Rob's web

De staart van de Duitse Herder

Home - Kynologie - De duitse herdershond - De staart van de Duitse Herder


Vaak wordt aan de staart, vooral door beginnende Duitse Herderliefhebbers, bij de keuze van een dier te grote waarde gehecht. Men kijkt dan in de eerste plaats naar staart, oren en kop en, niet te vergeten, de hoogte.

Zij, die wat verder in de sport zijn gekomen, zullen echter reeds spoedig begrijpen dat het niet deze punten zijn die alles bepalen, maar toch: het blijven dingen van belang. En men beziet ze tenslotte in het juiste licht, d.w.z. dat deze punten wel meetellen maar de kwaliteit van het dier toch slechts weinig beïnvloeden. Voor een deel zijn en blijven het zaken van smaak. En, over smaak valt immers niet te twisten? We willen ditmaal niet bij het begin beginnen maar de staart eens wat nader bekijken.

De staart is de barometer om gemoedsstemmingen en lichamelijk welzijn te bepalen. Aan de wijze van dragen en bewegen ziet de baas, hoe zijn dier zich voelt. Want drukt de hond zijn innerlijke voldoening niet levendig uit bij liefkozen en strelen? En hoe geheel anders toont de staart van de hond die gezondigd heeft.

Toch heeft Moeder Natuur nog een andere functie aan de staart toegekend en wel die van roer. Vooral bij korte wendingen is het de staart, die daaraan een werkzaam aandeel heeft. Bij overigens gelijke geaardheid in bouw en aanleg, is het de hond met de soepele, lange staart die het vlugst omdraait en keert. En dat feit is voor de Duitse herdershond als diensthond bij de kudde of als verdedigingshond een factor die niet uit het oog mag worden verloren.

De staart wordt, al naar de gemoedsstemming, meer of minder hoog gedragen; daarin ligt echter geen motief voor een bepaalde staartvorm. Met het oog op de dienstbestemming van de hond is een soepele, goed behaarde en voldoende lange staart gewenst die minstens tot aan de hakken hangt.


tekening: 1. Normale staart, 2. Stompstaart, 3. Haakstaart 4. Zijwaarts afgebogen, 5. Krulstaart.

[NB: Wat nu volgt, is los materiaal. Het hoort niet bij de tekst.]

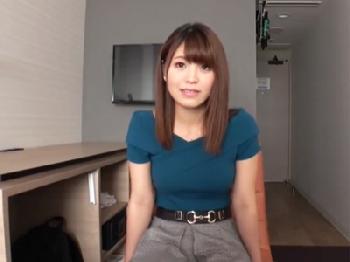 笑顔がキュートなお姉さんが性的感度が凄く良好で気持ちよさそうに喘ぎまくる顔面射精交尾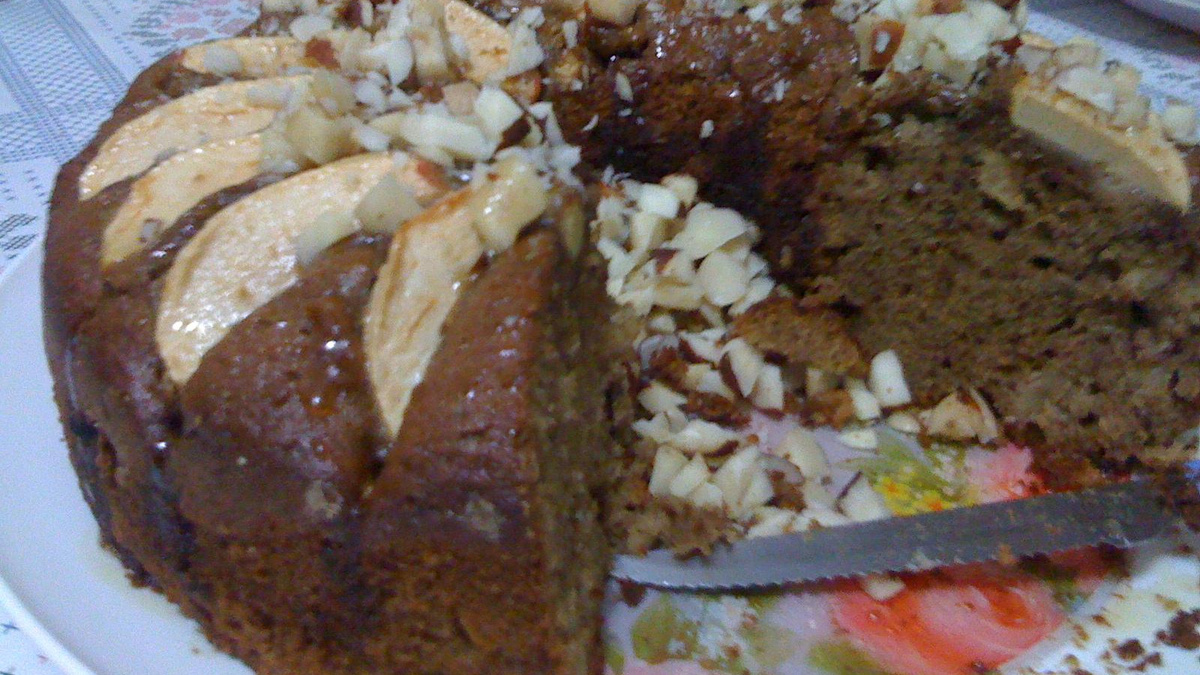 Bolo de maçã com casca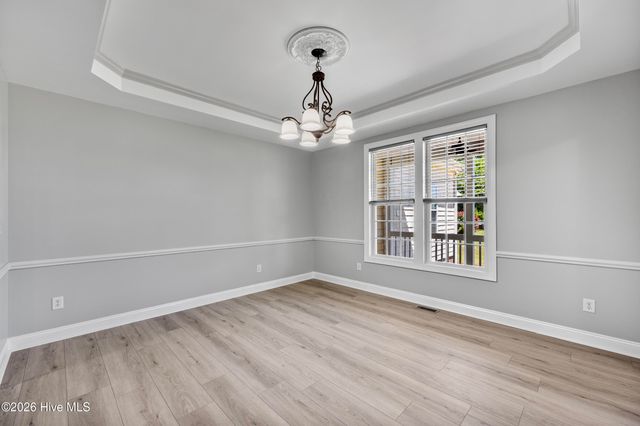 905 Charleston Place, Sneads Ferry, NC 28460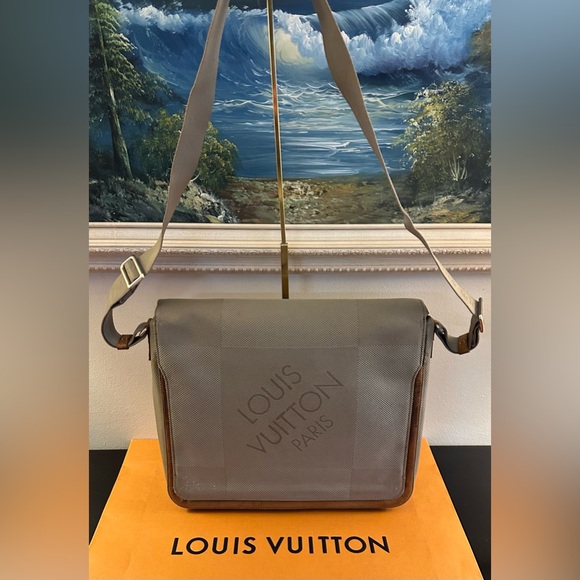 Louis Vuitton Terre Damier Geant Messenger Bag - Picture 14 of 15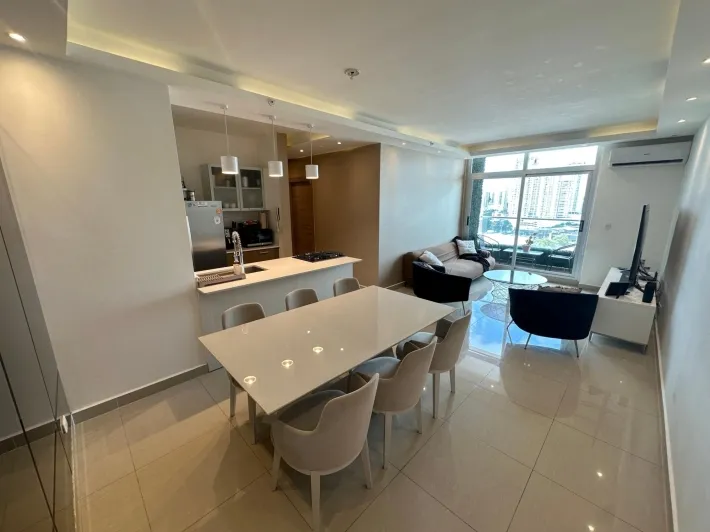 Remodeled apartment for sale in PH Venezia Tower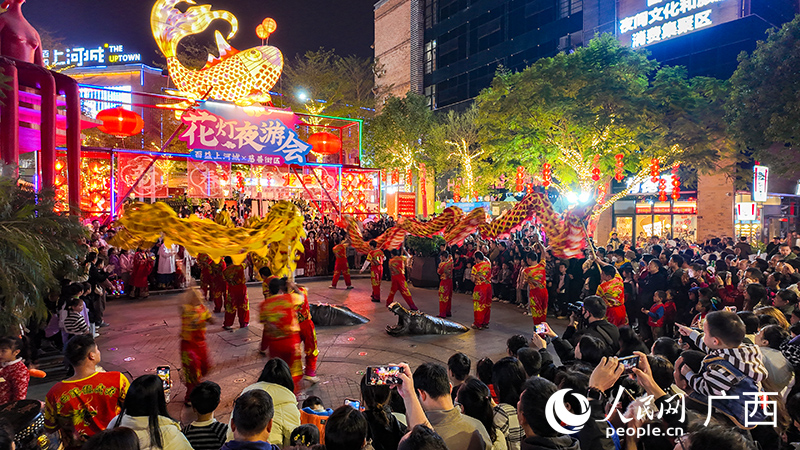 南寧市百益·上河城創(chuàng)意街區(qū)十分熱鬧。人民網(wǎng) 雷琦竣攝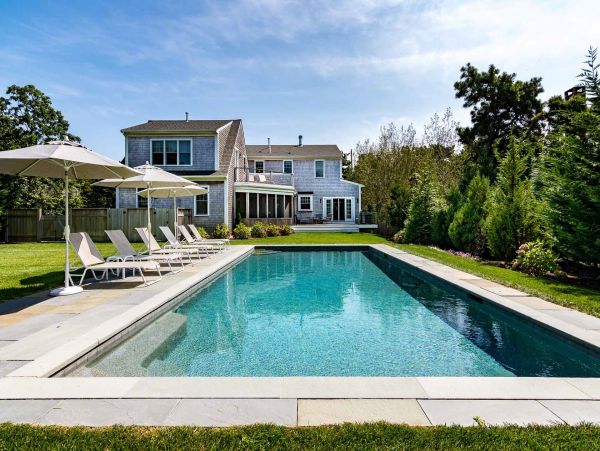 Cape Cod Home 994499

Denkt u echter niet: hoe langer hoe beter, want een te lange staart zal het dier hinderen door het slingeren tussen achterbenen. Of de hond zal, om die hinder te ontgaan, de staart een handbreed van de punt buigen tot een hack. Deze haakstaart is minder gewenst, evenals de "rolstaart", waarbij de afhangende staart aan de punt in een spiraal geworden is. Tenslotte is de krulstaart voor de Duitse Herdershond absoluut foutief; bij deze staartvorm begint een spiraal of cirkelvormige ronding vanaf de aanhechting van de staart en wordt meer of minder over de rug gedragen.

De beslist goede staartvormen zijn dus de rechte, afhangende, de sabelvormige en de ietwat gebogen gedragen staart. Men spreekt van een vrolijke staart als deze vrij constant, ook zonder dat het dier "in actie" is, te hoog gedragen wordt.

Dikwijls wordt het onderste derde gedeelte van de staart enigszins terzijde gedragen; dit is, althans wanneer het niet te erg is, niet zo zeer als een afwijking te beschouwen. Een kleur-eigenaardigheid met betrekking tot de staart is nog de vaak voorkomende zwarte, gelijkzijdige driehoek die aangetroffen wordt (met de punt naar beneden) op de grens van bovenste en middelste derde gedeelte van de staart bij zo goed als alle pups. Op de leeftijd van een maand of drie vooral is deze driehoek duidelijk zichtbaar; zelfs geheel zwarte pups hebben op deze plaats van de staart een andere weerschijn. Later verdwijnt deze eigenaardige pigmentatie weer.

Met betrekking tot de staartfunctie kan gezegd worden dat de staart, behalve als roer, in bepaalde gevallen ook als een soort rem functioneert. Speciaal bij het trappen aflopen bemerkt men dat de staart min of meer stijf naar beneden geknepen wordt en daarbij een kegelomtrek beschrijft.